In one city, firefighters median response time to a dumpster fire – which requires donning protective boots, pants, coats and breathing apparatus – was faster than their response to a cardiac arrest call. And this is understandable. Medical treatment was not what they signed up for. It is not what they were trained for.
In addition, infighting and turf wars between fire departments and ambulance services cause deadly delays.
Maybe it is time for firefighter recruiting and training to be changed to reflect the new reality. Let's develop a new culture of partnership between EMS and fire departments.
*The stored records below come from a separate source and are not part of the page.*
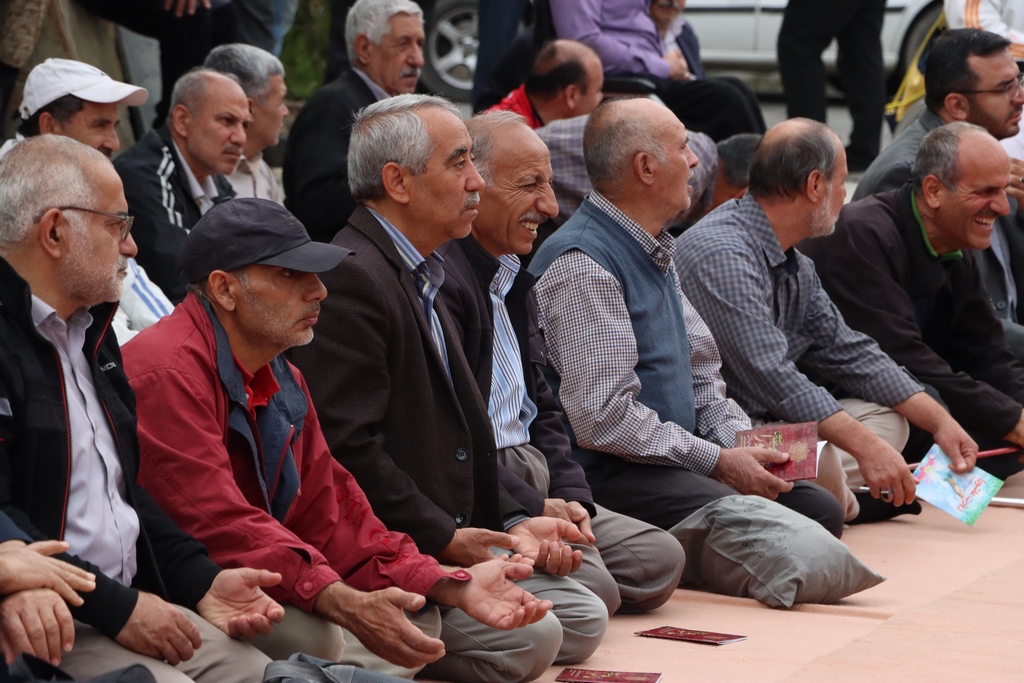 برگزاری اردوی یکروزه کوهپیمایی جانبازان و آزادگان5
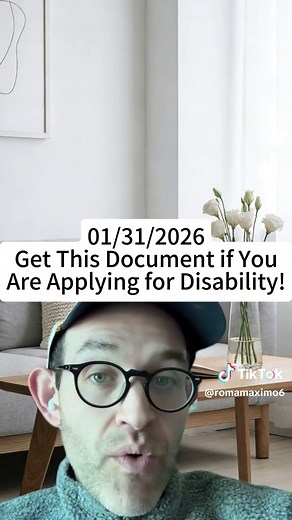 How Your Doctor Can Make or Break a Disability Claim — The Secret Medical Source Statement You Need (Free Template in Profile) #DisabilityClaim #MedicalSourceStatement #SSA #DisabilityRights #HealthcarePolicy #SocialSecurity #DisabilityAwareness #fyp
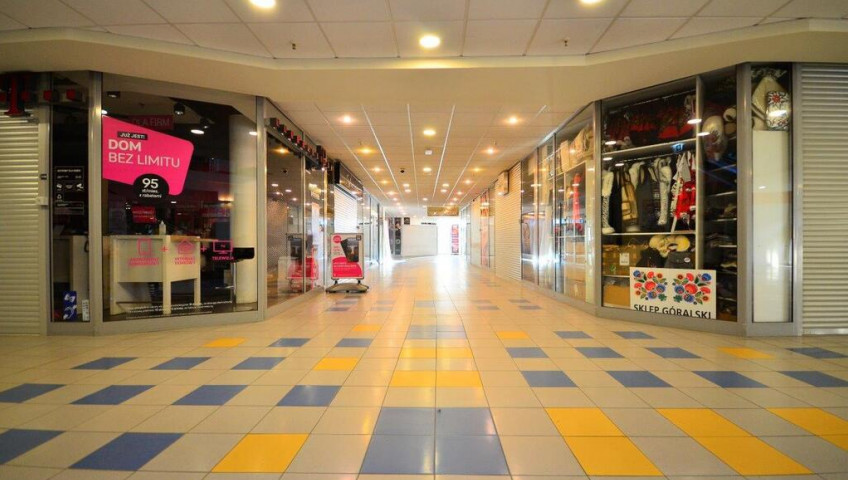 Lokal Sprzedaż Gorzów Wielkopolski Centrum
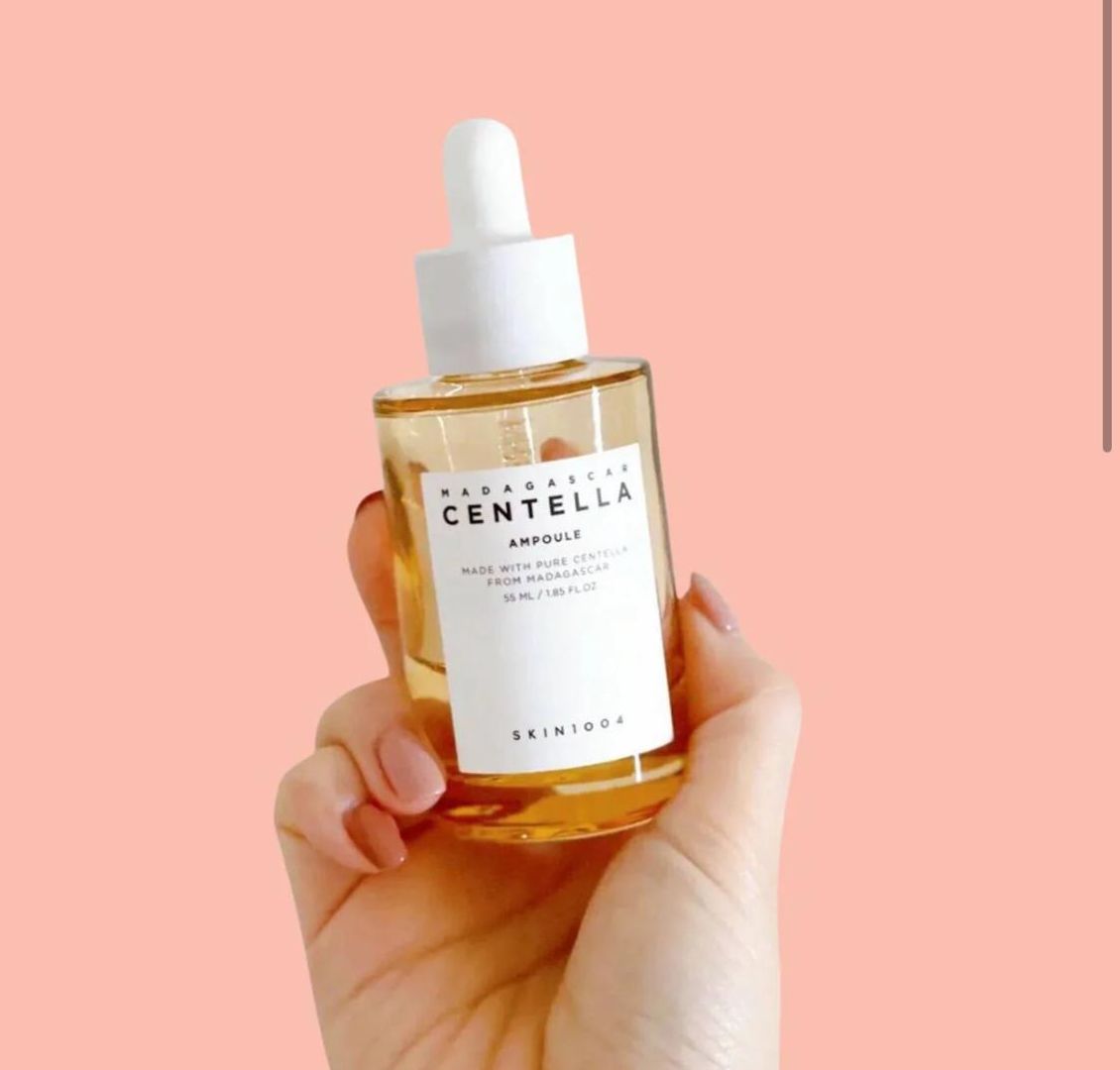 Madagascar Centella Ampoule de Skin1004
4) Inability to Find Location of Emergency

Paper maps are basically extinct, right?
Many city's ambulances have high priced GPS systems – but their paramedics still use time consumer paper maps. Why?
Because those GPS systems are only there to let the dispatchers keep track of the ambulances, not to provide direction to the drivers. Although this does cut 30-plus seconds off response time, there's no reason the EMS responders themselves shouldn't have GPS to help them navigate the streets.
The FDNY says that it isn't so necessary since most EMTs work in the same areas each day. But even in an area that's basically familiar, a GPS can go a long way in helping to locate a specific address and the best route to get there.
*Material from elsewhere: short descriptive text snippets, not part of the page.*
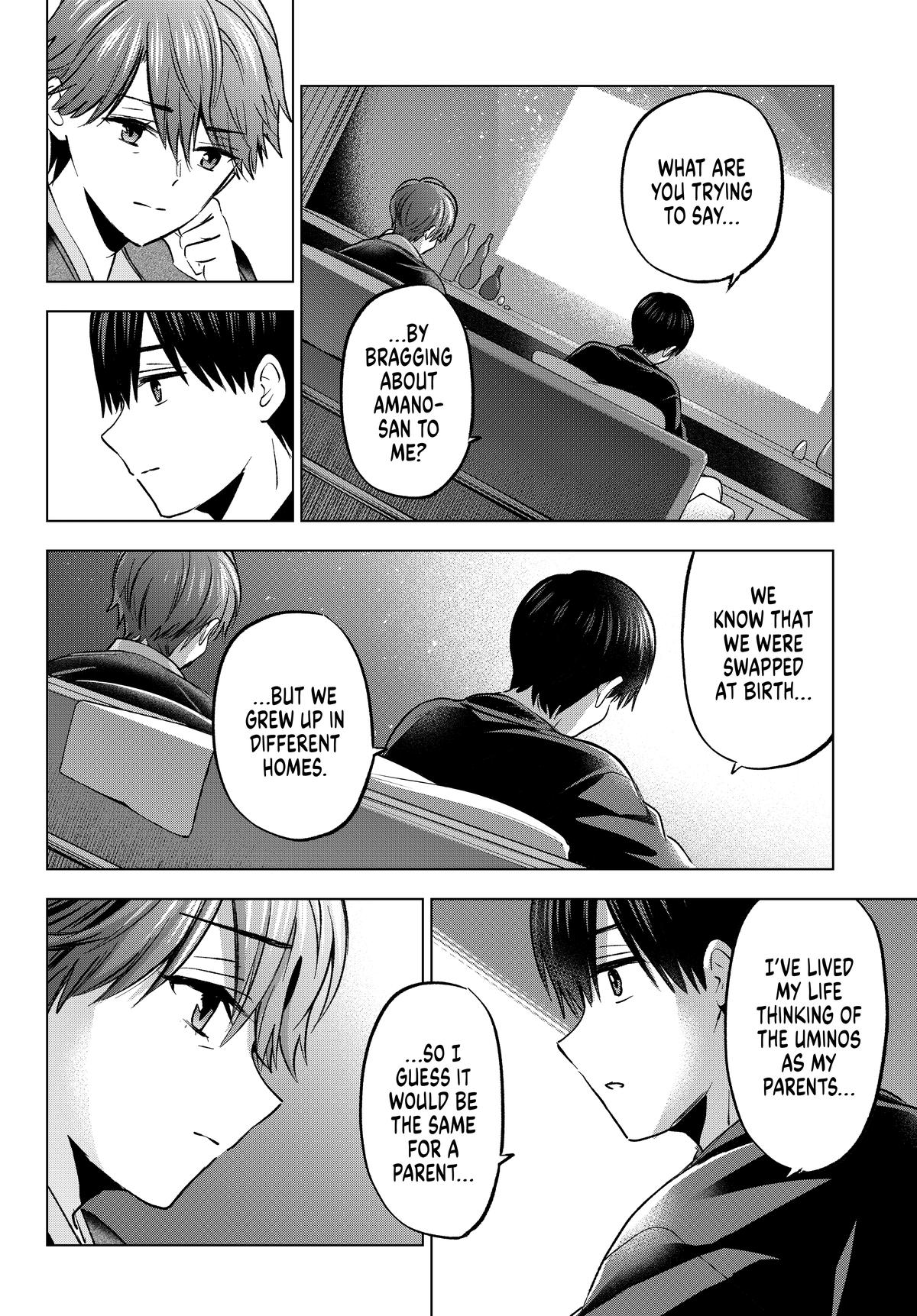 Read A Couple of Cuckoos Manga Online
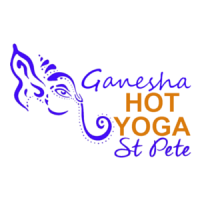 Ganesha Hot Yoga St Pete Logo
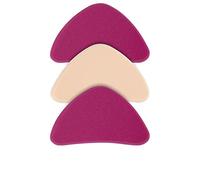 ubu, éponge pour maquillage visage (shine-a-go-go 's) - 3 unités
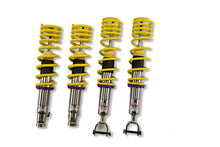 Load image into Gallery viewer, Height adjustable stainless steel coilovers with adjustable rebound damping 1992-1995 Honda Civic - KW - 15250002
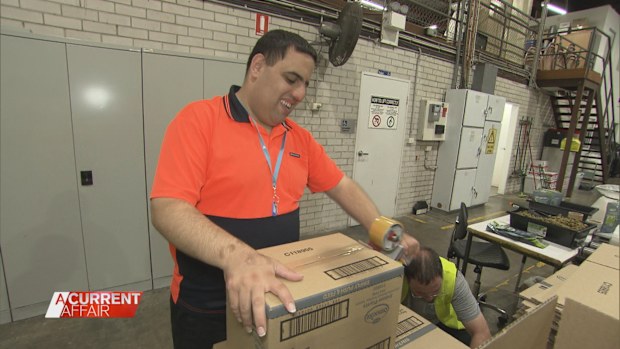 It's been dubbed Australia's happiest workplace, simply because no one wants to leave.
5) Calls Coming During a Shift Change

From his apartment window, Jonathan Agronsky saw Julia Rusinek on the ground. He rushed to the firehouse less than a block from where she fell – the firefighters there said a fire engine from another station farther away was on the way. Why couldn't they come? Their ambulance crew was going off duty.
Last December, a paramedic was dispatched to a report of a cardiac arrest at 6:01 – but his shift had ended at 6. What did he do? He drove back to his firehouse to go off duty, and firefighters performed CPR on the victim for 25 minutes until the new paramedic crew drove to the scene.
It is not certain if such scenarios take place often, but it is definitely an issue that should be address, perhaps by offering a significant financial incentive for post-shift calls.

EMTs continue to be devoted to their jobs and saving lives. Putting some of the above changes into practice can go a long way towards increasing efficiency and making things easier for EMTs everywhere.